The cell lines used in this study are commonly used NB cells and are well characterized. We added description of cell lines to the Methods section.
We agree that adding data for additional growth factor action on additional cell lines sensitive to KIT knockdown would improve reliability of our data. We added the data that we had for two additional cell lines:
“To verify these findings we selected two additional NB cell lines with relatively high KIT expression: SK-N-BE(2) and IMR-32 (Figure 2D). Both cell lines were sensitive to KIT knockdown and EPO rescued both SK-N-BE and IMR-32 (Figure S5). EPOR, NTRK1, IL6R, and IGF1R expression was upregulated in SK-N-BE(2) cells (Figure S5). Due to high toxicity of KIT knockdown for IMR-32 cells we were not able to measure gene expression changes in these cells.”

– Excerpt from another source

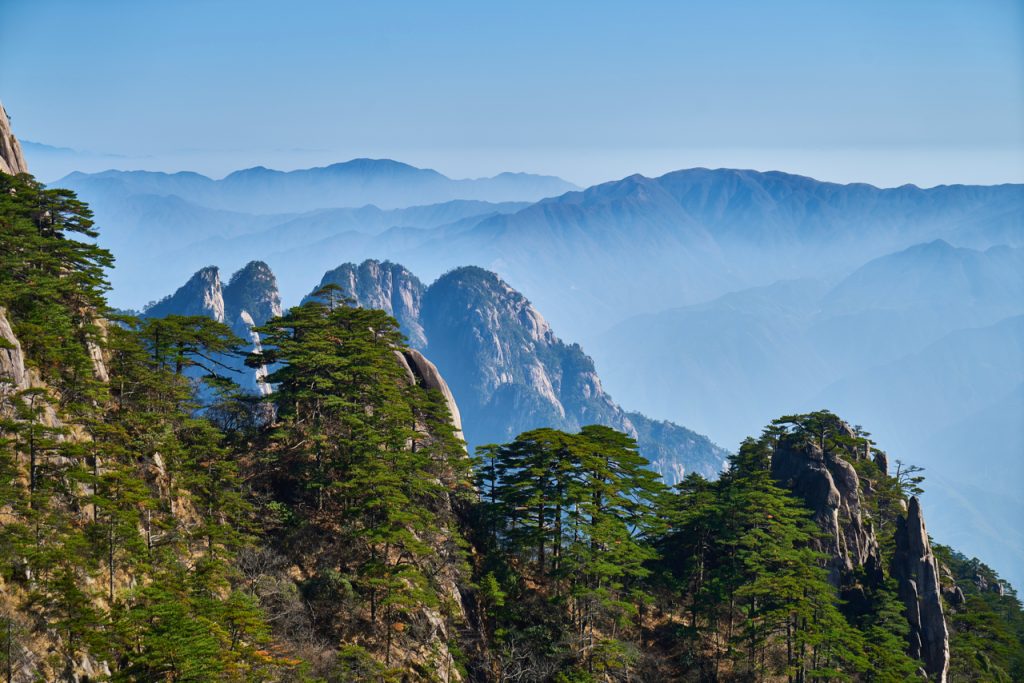 CHINA-2017-17-075 CHINA-2017-17-075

Performing additional experiments with KIT-targeting antibodies would improve the understanding whether KIT is a good therapeutic target or not. However in this study we mainly focused on KIT functions in various signaling pathways and testing if the effects after KIT knockdown would mimic the action of multikinase inhibitors, which we described previously. Unfortunately we do not have an opportunity to perform additional experiments in 10 days given for this revision.
Round 2
Reviewer 2 Report
Generally speaking, the authors took heed of the remarks raised by the reviewer (some typos left, see for example line 77). However I have a concern regarding Fig2 C. The micrographs cannot be interpreted because of poor definition. In addition, 2 micrographs, upper and lower panels on the right (merge): seems to be the same picture.
Author Response
Dear Reviewer,
We are grateful that you noticed the mistake in Figure 2. Indeed micrographs in Figure 2C were in the wrong order, as we inserted the wrong figure version in the manuscript by mistake. We uploaded the right Figure 2 version with micrographs in 2C in the right order and with a scale bar. Merge and mCherry images may look similar due to moderate FITC intensity compared to mCherry. Also, Figure 2D panel was missing and in the new figure version we added this panel. Micrographs were inserted using the maximum quality, no compression was used. To provide larger images we included Figure S3, which also contains cells stained with isotype control antibodies. We also corrected typos throughout the manuscript.
We are sorry for the confusion caused by the wrong figure and again we are grateful for Reviewer's careful examination of our manuscript. We attach the Figure S3 with larger micrographs, which is also present in the supplementary file.
Author Response File: Author Response.pdf
Round 3
Reviewer 2 Report
Fig.2 C is better now, after corrective action. Despite commendable efforts and improvement, it is still not very convincing (pixelization), probably due to some technical limitations. If one looks at the Fig2 through the eyes of faith, it could be OK! Fortunately the authors have more convincing arguments to support their results and interpretations.